Why it matters: Clinical trials have only a 7.9% success rate, limiting the chances of curing, preventing, or earlier diagnosis of serious and deadly diseases.

Details: The Philadelphia-based company saw this round of funding led by Metrodora Ventures, a firm led by Chelsea Clinton and Caroline Kassie.

  • Other participants in the round included Audere Capital and TRCM.
  • Prominent figures in life sciences include Jeff Marrazzo, co-founder and former CEO of Spark Therapeutics, which was recently acquired by Roche for nearly $5 billion.

How it works: The company has two products, BioPhyRx and BiologicAI.

  • The former is a generative AI solution designed to create a centralized area to access scientific and regulatory resources.
  • The latter is a predictive AI engine that aids life science companies through the drug development process and benchmarks preclinical assets against those in development or already approved by the FDA.
  • In live testing during the last 27 months, the validated technology predicted the outcomes of over 1,500 clinical trials with 80% accuracy, according to Latshaw.
  • The company is in pilot and has commercial agreements with several leading pharmaceutical companies.

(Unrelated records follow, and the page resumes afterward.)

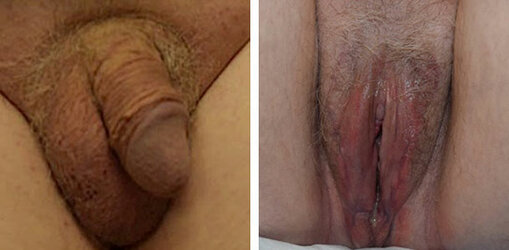 vaginoplasty-001.jpg vaginoplasty-001.jpg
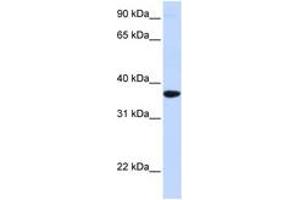 Image no. 1 for anti-Secretagogin, EF-Hand Calcium Binding Protein (SCGN) (AA 180-229) antibody (ABIN6743096) (SCGN anticorps  (AA 180-229))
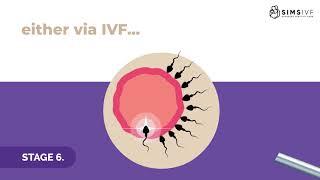 The IVF/ICSI process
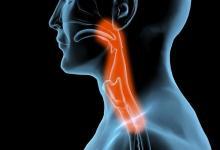 總是想清嗓子是怎么回事？ 保護嗓子有絕招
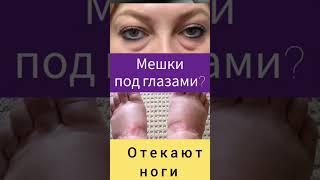 Отекают ноги? Смотри описание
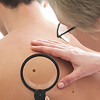 Bild: Prof.Dr.med. Eckhart Kämpgen Facharzt für Dermatologie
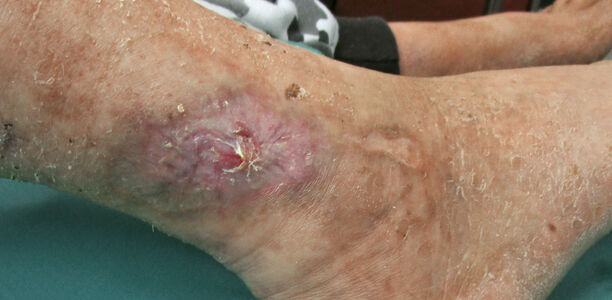 Chronisches Ulcus cruris: Ursachen und Therapieoptionen beim „offenen Bein“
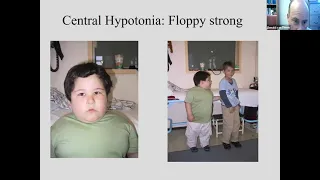 Floppy child Neurology Webinar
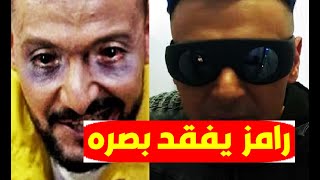 عاجل/ رامز جلال يفقد بصره ويصاب بالعمى ما الحقيقة ؟ ورد فعل النقابة وأخوه ياسر جلال هل انقلب السحر؟؟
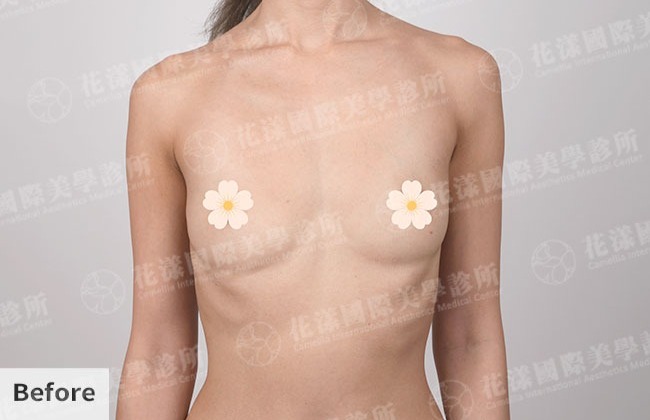 隆乳術前後改善成果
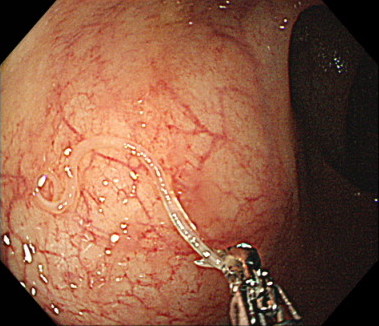 直腸アニサキス症の内視鏡画像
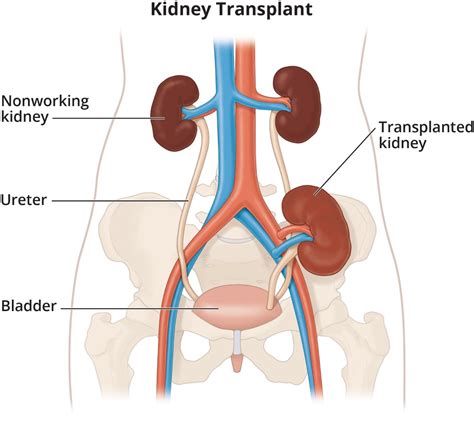 Kidney Transplant - NIDDK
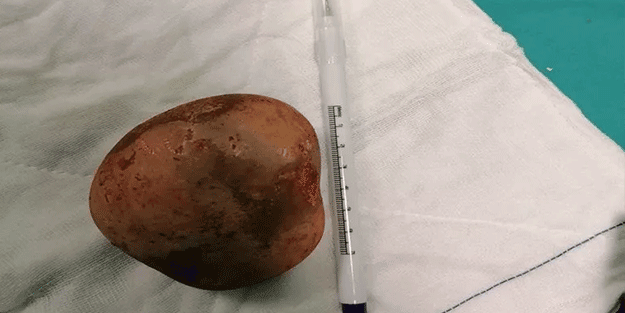 Doktorlar gördüklerine inanamadı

What's next: "We will be fundraising our Series A in the next six months to a year," Latshaw says.

  • "We are working with two of the top 5 top pharmaceutical companies for pilots for our technology, and will continue to bolster relationships and leverage large opportunities."

What they're saying: "If there's anything we learned from the past few years ... it is that the need to bring drugs to market — quickly and effectively — has never been greater," says Metrodora's Kassie.

"In fact, research shows that just a 10% improvement in the success rates of clinical trials from AI is predicted to lead to an additional 250 novel therapies over the next 10 years."